The concept: we find the OFFSET correction from the measurement with OLD calibration file to the REFerence microphone measurement. Then we apply the offset to the old calibration file to get the NEW calibration file. (this way low-bass calibration and gain can be re-used from the original file in case it was not possible to reliably re-calibrate those parameters in your setup).
Steps:
- Record speaker measurements with both REFerence microphones and microphone that needs to be re-calibrated - "DUT" - device under test..
- Use substitution of microphones in front of the same speaker.
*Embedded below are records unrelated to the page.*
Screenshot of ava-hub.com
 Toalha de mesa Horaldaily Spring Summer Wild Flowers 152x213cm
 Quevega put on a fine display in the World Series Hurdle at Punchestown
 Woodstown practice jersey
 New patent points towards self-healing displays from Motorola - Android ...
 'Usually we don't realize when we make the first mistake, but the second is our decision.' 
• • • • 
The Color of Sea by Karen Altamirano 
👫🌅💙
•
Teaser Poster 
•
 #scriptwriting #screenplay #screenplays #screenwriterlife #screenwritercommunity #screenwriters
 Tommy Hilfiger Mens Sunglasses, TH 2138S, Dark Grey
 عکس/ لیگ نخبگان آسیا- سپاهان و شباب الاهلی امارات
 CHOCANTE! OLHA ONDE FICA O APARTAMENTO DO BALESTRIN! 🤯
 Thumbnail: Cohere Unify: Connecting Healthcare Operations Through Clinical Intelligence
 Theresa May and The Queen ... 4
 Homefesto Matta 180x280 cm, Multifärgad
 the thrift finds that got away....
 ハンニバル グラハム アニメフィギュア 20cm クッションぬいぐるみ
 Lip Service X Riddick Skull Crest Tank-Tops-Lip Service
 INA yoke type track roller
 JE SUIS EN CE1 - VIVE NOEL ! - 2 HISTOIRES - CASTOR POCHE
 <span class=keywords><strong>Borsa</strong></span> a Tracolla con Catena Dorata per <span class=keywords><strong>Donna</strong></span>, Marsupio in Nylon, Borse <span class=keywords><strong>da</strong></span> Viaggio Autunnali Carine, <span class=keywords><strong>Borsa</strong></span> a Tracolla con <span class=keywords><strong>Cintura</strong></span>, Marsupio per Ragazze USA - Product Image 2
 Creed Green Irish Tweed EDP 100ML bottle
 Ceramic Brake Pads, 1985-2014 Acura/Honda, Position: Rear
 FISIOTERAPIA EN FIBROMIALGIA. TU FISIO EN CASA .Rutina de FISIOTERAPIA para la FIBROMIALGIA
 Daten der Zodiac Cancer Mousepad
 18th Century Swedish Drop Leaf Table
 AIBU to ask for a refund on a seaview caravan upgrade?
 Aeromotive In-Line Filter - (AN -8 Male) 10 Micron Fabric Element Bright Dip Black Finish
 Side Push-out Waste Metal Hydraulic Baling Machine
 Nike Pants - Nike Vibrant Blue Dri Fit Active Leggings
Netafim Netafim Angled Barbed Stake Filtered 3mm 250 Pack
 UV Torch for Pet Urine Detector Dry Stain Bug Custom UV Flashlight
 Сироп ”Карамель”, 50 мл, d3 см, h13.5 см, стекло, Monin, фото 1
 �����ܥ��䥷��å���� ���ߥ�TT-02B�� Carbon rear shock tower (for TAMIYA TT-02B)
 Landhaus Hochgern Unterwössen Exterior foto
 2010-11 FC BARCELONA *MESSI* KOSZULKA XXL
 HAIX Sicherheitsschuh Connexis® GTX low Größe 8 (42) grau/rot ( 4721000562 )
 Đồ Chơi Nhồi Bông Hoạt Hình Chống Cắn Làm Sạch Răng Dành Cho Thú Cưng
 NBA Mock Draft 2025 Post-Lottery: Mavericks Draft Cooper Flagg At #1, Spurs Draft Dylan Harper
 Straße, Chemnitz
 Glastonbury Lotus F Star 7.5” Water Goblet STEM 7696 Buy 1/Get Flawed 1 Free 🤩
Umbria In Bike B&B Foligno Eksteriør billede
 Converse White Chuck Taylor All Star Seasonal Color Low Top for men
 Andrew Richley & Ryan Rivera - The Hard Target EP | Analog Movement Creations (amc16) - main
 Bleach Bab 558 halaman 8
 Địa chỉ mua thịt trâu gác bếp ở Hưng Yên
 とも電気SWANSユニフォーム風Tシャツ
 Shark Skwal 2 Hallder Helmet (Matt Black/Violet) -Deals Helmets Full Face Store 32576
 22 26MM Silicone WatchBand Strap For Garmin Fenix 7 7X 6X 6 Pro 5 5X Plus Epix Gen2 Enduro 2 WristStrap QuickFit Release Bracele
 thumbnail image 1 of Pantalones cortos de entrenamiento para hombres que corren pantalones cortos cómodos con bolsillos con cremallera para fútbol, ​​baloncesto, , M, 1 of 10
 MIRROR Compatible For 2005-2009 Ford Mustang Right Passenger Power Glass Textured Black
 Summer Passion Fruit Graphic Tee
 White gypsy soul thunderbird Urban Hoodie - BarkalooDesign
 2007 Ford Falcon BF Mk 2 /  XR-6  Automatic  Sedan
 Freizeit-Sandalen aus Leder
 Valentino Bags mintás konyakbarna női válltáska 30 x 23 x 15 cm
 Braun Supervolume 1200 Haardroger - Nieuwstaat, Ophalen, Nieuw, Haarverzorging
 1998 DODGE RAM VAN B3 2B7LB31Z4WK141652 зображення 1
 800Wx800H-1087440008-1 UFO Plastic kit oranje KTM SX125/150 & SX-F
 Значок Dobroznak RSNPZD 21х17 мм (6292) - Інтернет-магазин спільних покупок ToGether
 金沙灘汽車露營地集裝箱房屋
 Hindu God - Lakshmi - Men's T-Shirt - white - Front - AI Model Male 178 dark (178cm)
Every microphone is placed as-precisely-as-possible (precision within a couple of millimeters) in the same spot, one at a time. (A lot of people ignore this and place microphones even several centimeters off from one another which is a Bad idea)
- Speaker should be physically small, coaxial or a "full-range" driver. It does not need to be flat, just needs to have enough output at all relevant frequencies to give enough dynamic range versus ambient noise and microphone self-noise. Alternatively, the calibration will only be valid at frequencies that speaker can reproduce (it is rare to get a speaker with good lower bass output that is otherwise compact and full-range).
- Use typical Measurement Sweep at 48 or 44.1 kHz (perhaps using longer sweep length 512K or if possible, a few repetitions).
- Check the maximum THD distortion in the measurement. Consider to not use frequencies with > 3-5% THD. (If distortion is high - either the speaker is pushed too loud or the speaker can not produce enough output to overcome ambient noise - typical at low frequencies).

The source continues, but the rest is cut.